Möglich gemacht hat dies zum einen der ungenierte Zugriff auf staatliche Subsidien, die den Parteien sowohl direkt über die staatliche Parteienfinanzierung als auch indirekt über ihre Stiftungen, Fraktionen und parteiendominierte Institutionen zugute kommen. Geld ist Macht, erst recht die Fähigkeit, Posten und Privilegien zu verteilen. Die dadurch errungene Vormachtstellung erlaubt den Parteiapparaten, die politische Klasse als durch hohe Zugangshürden abgesicherte geschlossene Gesellschaft zu organisieren, zu der Außenstehende, neue politische Kräfte und Bewegungen etwa, kaum noch Zugang finden.

Wer aber über eine der Parteientüren erst mal drinnen ist, der kann, angepaßtes Verhalten vorausgesetzt, kaum noch herausfallen. Das fördert eine Negativauslese von Berufspolitikern, deren oberstes Bestreben ist, nicht anzuecken und möglichst auch nicht aufzufallen, außer durch nicht-politische, private und persönliche Eigenschaften und Moden, keinesfalls aber durch nonkonforme Inhalte, die durch den geschickten Gebrauch von Worthülsen zu vermeiden sind. Die geistige Armut dieses gestanzten Politikersprech zwischen „WUMS“ und Waschmittelwerbung durfte auf den Plakatwäldern zur Europawahl gerade wieder bestaunt werden.

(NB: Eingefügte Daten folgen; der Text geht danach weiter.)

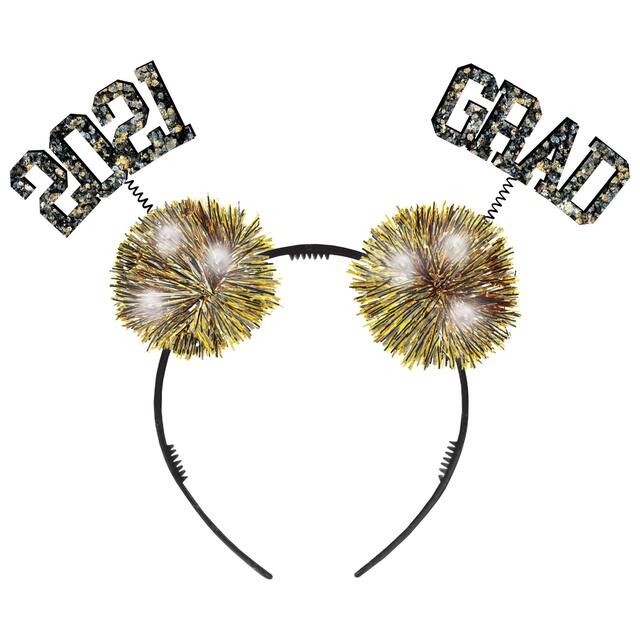 Grad 2021 Light Up Tinsel Headband Front_Flat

Den Bürgern und Wählern, aber auch den einfachen Mitgliedern und „Parteisoldaten“, kommt dabei mehr und mehr die Rolle bloßer Statisten in einer Inszenierung zu, in der sie dem Regisseur nicht dreinzureden haben. Nicht sie entscheiden in der Regel, wer aufgestellt oder im Netzwerk versorgt wird, wer einen „sicheren Listenplatz“ erhält oder von der Bühne verschwinden muß, sondern die Parteiapparate. Nicht die Wähler und Mitglieder bestimmen, welche Themen und Anliegen auf die Tagesordnung gesetzt oder von ihr gestrichen werden, sondern wiederum die Parteiführungen – oder gleich die Brüsseler Eurokratie. Grundsatzdiskussionen sind rar, meist sagen alle in Nuancen das gleiche. Da kann man auch gleich Volkskammer wählen.

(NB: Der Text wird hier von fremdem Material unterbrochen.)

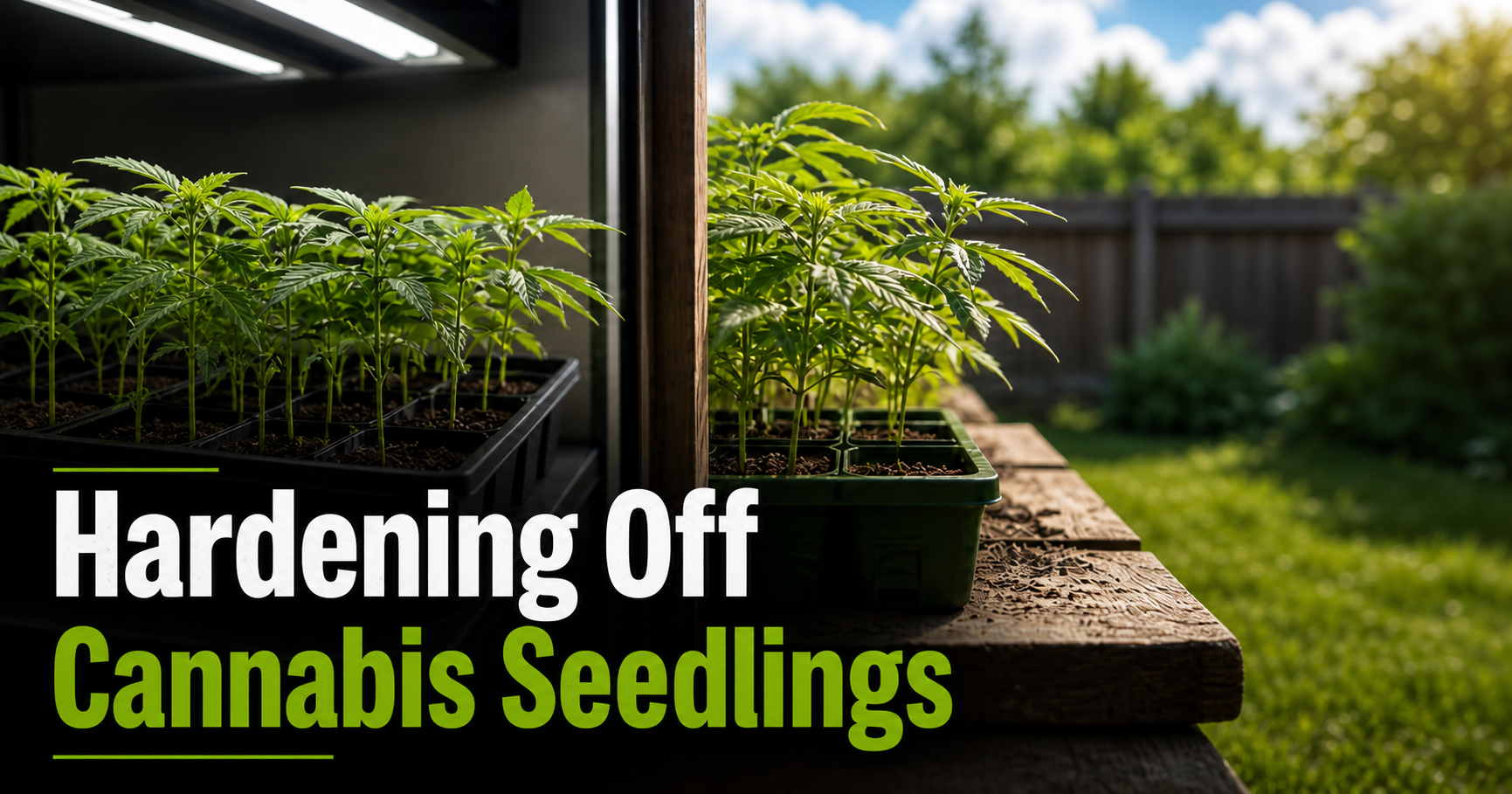 What are the best practices for hardening off cannabis seedlings?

Die vielzitierte Politikverdrossenheit und der rasante Mitglieder- und Wählerschwund der Volksparteien haben ihre Wurzel in diesem kalten Putsch: Die Bürger werden systematisch ihrer souveränen Rechte enteignet, das Wahlrecht wird inhaltlich entkernt, weil es durch Wahlen kaum noch etwas zu entscheiden gibt. Kein Wunder, daß die Wähler zu Hause bleiben und keiner mehr inhaltsleere Plakate kleben möchte. Soll die deutsche Republik eine Demokratie bleiben, muß das Volk wieder Souverän werden.